Observation and understanding changes in the mass of the Greenland ice sheet using data from GRACE and remote sensing satellites

PhD student: Jiangjun Ran

The on-going global warming may have a number of serious consequences in the coming decades. One of them is global sea level rise, which may have a catastrophic impact for hundreds of millions of people living in coastal areas world-wide. Due to the enormous scale of this problem, it can only be managed on the basis of a careful long-term planning. Such a planning requires, in particular, an accurate estimation of future rates of water level rise. This is not an easy task. In particular, it is difficult to predict the contribution of the dynamic discharge of the polar ice sheets, where a large amount of water is stored. For instance, melting of the entire Greenland ice sheet would rise the sea level, in average, by about 7 meters.

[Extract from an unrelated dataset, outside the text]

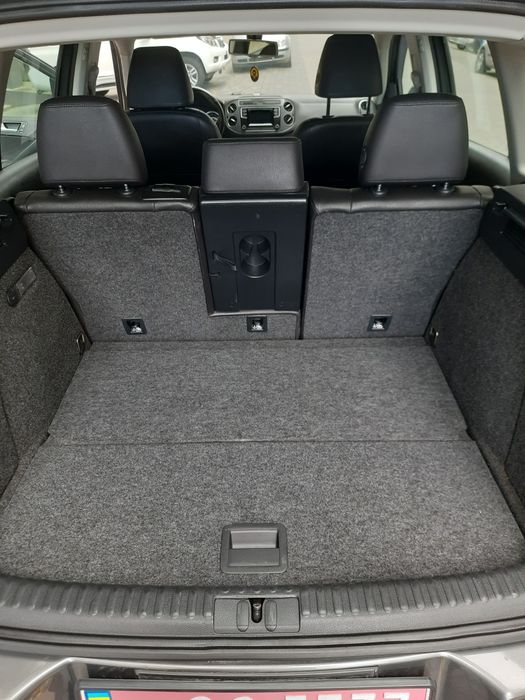 VW Tiguan Автомат 4×4 ПОВНИЙ ПРИВІД
2016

In order to understand and predict the future behavior of ice sheets, it is necessary, in particular, to analyze available data. One of most important sources of such data is satellite gravimetry mission Gravity Recovery and Climate Experiment (GRACE). This mission is capable of measuring tiny variations of the gravity field caused by mass re-distribution. As such, this mission can be used to obtain direct estimates of changes in ice sheet mass. Another way to monitor ice sheets is to measure elevation changes using satellite altimetry missions, like ICESat and Cryosat. Altimetry data contain information only about volume changes, so that additional information about the density of the material responsible for the changes is needed. This limitation is compensated by a much higher spatial resolution that achievable with satellite gravimetry.

In the course of the project, possible ways to achieve the highest possible spatial resolution of GRACE-based mass change estimates will be investigated. Moreover, it will be studied how this resolution can be further improved by combining GRACE and remote sensing data. After that, we intend to isolate the dynamic discharge component from the observed changes, for which purpose appropriate models of precipitation and water melting are to be used. Finally, quantitative
links between the recovered dynamic discharge and environmental conditions (particularly, air temperature) are to be established. In combination with ice dynamics modeling, this information will lead to better quantification and understanding of ice dynamics.